The MHR is an old idea built on old technology, which hasn’t worked and wont’ work no matter how much more money is poured into it. It has been built and run by government, will be hard to dismantle because we’ve spent more than $2 billion on it already, and it has been spruiked by various politicians as proof that Australia is leading the digital health race globally.
The MHR started as a political show project idea from a labor health minister many years ago (Nicola Roxon). From it’s beginnings it was clear that it was never a future-proofed technology solution.
As a means of platforming better sharing of health data in the system it was redundant up to 10 years ago. It’s principles and structure fly in the face of how distributed data technology, open APIs and systems and effective secure sharing of healthcare data across the web work.
Five years ago we had a chance to shelve the project and put digital health on a better track in the country. At that time we had already spent over $1 billion trying to get if off the ground but it had failed under the ADHA’s predecessor agency, the National Health Electronic Health Transition Authority (NHETA). No one adopted it and the technology was groaning.
But fate intervened and a charismatic and successful past digital health entrepreneur was appointed as the CEO of the newly established ADHA (the replacement agency for NEHTA) to reboot the project.
The new boss had attempted and failed with a centralised government controlled citizen health record in the UK. But he wasn’t going to fail here. He talked the talk, and he knew a lot more about digital health than any of his minders.
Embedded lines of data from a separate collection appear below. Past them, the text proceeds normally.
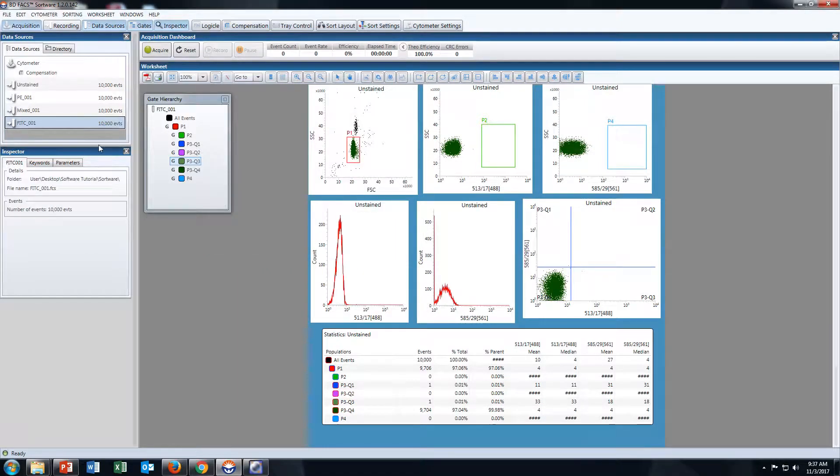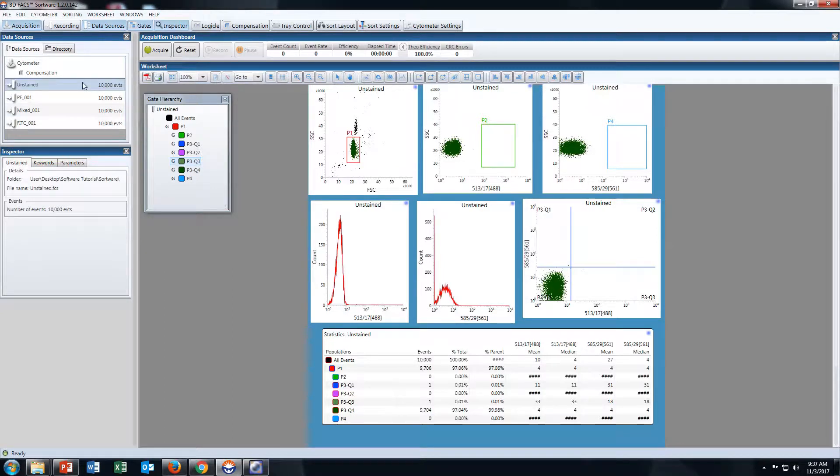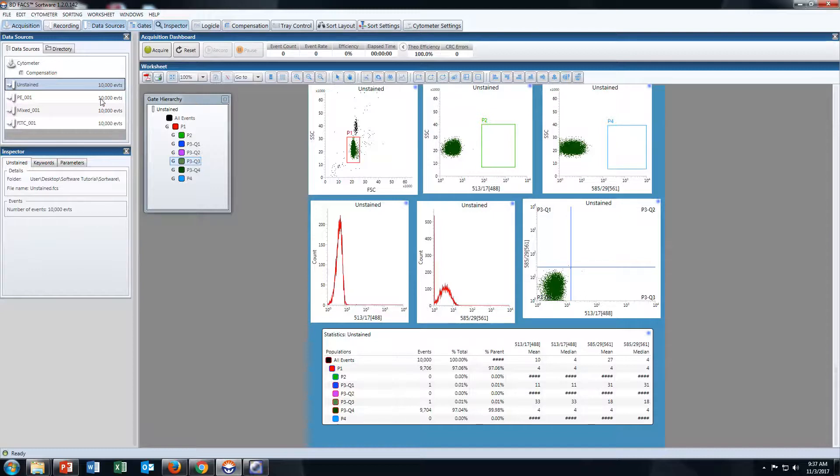Now we have exported all FCS files from Influx data to DIVA-compatible format for BD FACS DIVA software.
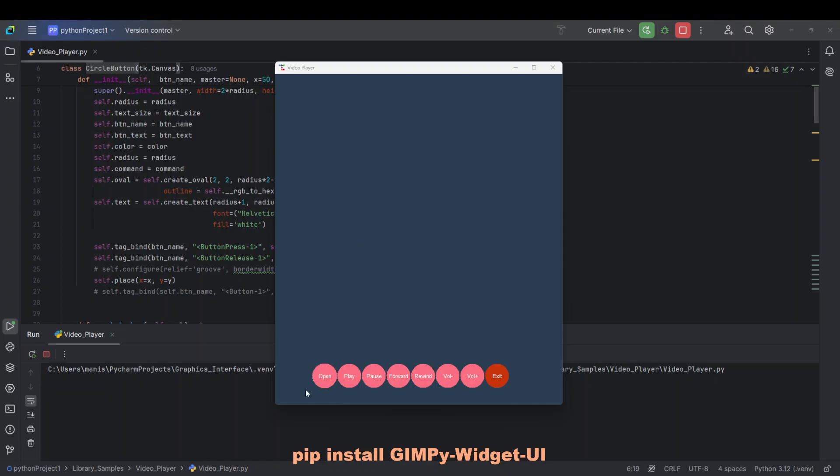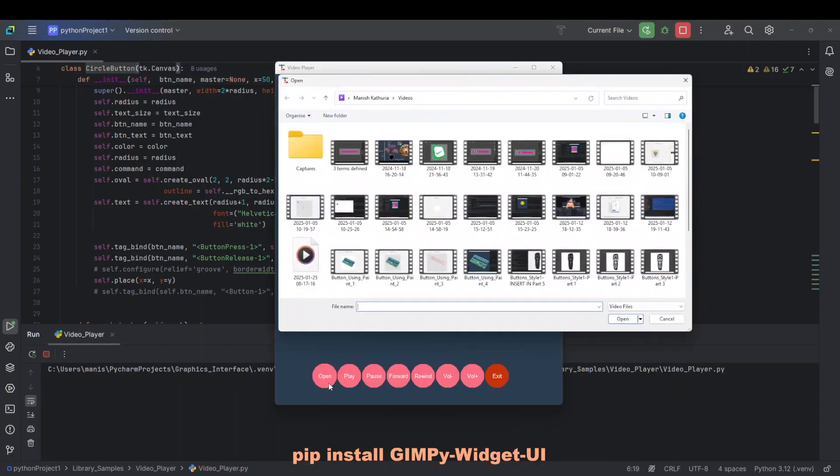But then I have added these round buttons and I have created this class that inherits from Canvas and then created round buttons out of it and it's fully functional.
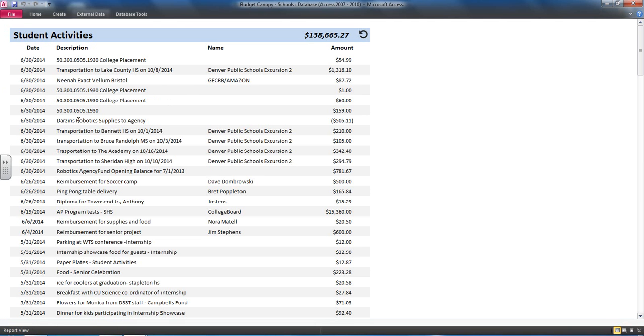they would then get a report that listed all the transactions for that budget line, including effective date, transaction description, the vendor, and the amount.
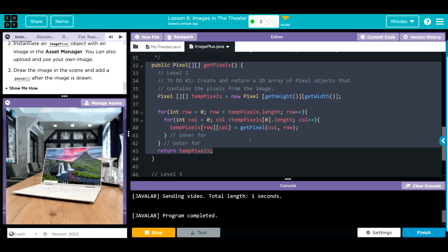Hopefully this video helped you understand the getPixels method a little better. As always, kids, if you have any questions, come see me. Otherwise, I'll see you in the next video. See you later, kids. Bye, bye, bye.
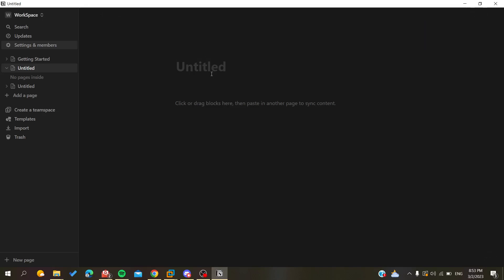Hello guys and welcome to a new video. Today I'm going to show you how to delete a database in your Notion application or Notion website. What I want you to do now is open your web portal and connect with your Notion account to the Notion website, or you can simply open your desktop application and follow these simple steps.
He convinced the government to double down on the MHR.
A big part of the plan was to force all Australians onto the record by offering them the chance to ‘opt out’ of joining, like this somehow gave most Australians a choice or means to better engage with a health record.
What happened was that a lot more people ended up opting out than the ADHA thought would (nearly 13% of everyone eligible for a record), something that should have been a warning sign at the time.
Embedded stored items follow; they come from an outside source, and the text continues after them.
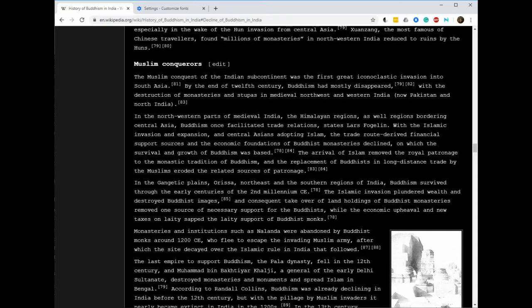Somehow with the Muslim invaders and conquerors, they became the captains of trade in the Gangetic plains, as in the Ganges River, and in Orissa and in northeast and the southern regions of India. Buddhism did survive through the early centuries of the second millennia. Well it survived in Sri Lanka, in Ceylon, but that's an island separate from India.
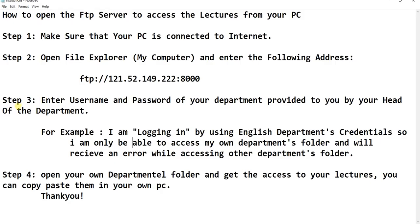Step 3: Enter the username and password of your department, provided to you by your head of the department.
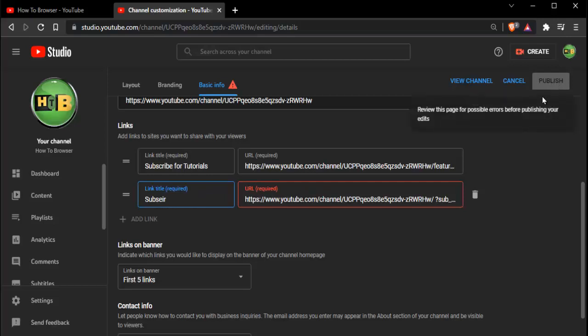Then just hit Publish and that's it, guys! I hope this video provided you with great information and helped you out. If it did, please subscribe and like this video for more how-to videos. Thank you, and see you in the next tutorial.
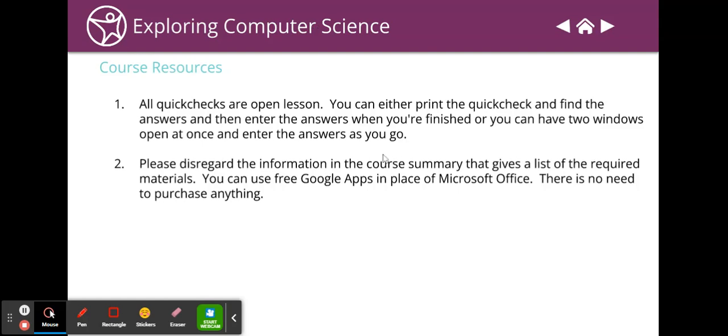Please disregard the required materials information. You do not need Microsoft Office. You can use free Google Apps. I'm going to do videos that explain how to do things in Google Apps and they will be extremely simple, and there's just no need to purchase anything.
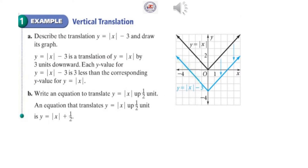Example 2: Vertical Translation. Describe the translation Y equal absolute value of X minus 3 and draw its graph. Y equal absolute value of X minus 3 is the translation of Y equal absolute value of X by 3 units downward. Each Y value for Y equal absolute value of X minus 3 is 3 less than the corresponding Y value for Y equal absolute value of X. The black graph is for Y equal absolute value of X. To graph Y equal absolute value of X minus 3, we translate the graph down 3 units. So (0, 0) moves to (0, negative 3), and (2, 2) moves down 3 units to (2, negative 1).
Of the remaining population that automatically got opted in, most weren’t aware they were taking part or didn’t care.
Not exactly the sort of patient interest and engagement you want with a project which relies almost wholly on the patient to actively in maintain their health record.
If the project wasn’t dead before then, it is was now. Patients didn’t want it, didn’t care about it, or didn’t know about it. And if they did, it’s been hard to use anyway and the data hasn’t been good enough.
From as far back as 10 years ago it was apparent to digital health experts that web based sharing of data using distributed open systems databases that talked to a patient directly and securely using the web would ultimately form the basis of a patient engagement model that would work.
Patients would be able to wander around between their various health providers in the system and their mobile phone would talk directly to these distributed databases, organise the data in a manner that was useful and relevant to a patient’s immediate health needs and experience, and ultimately form the most useful and secure patient based health record.
Such systems are up and running in certain HMOs in the US and in some Scandinavian countries. The technology is here and it works.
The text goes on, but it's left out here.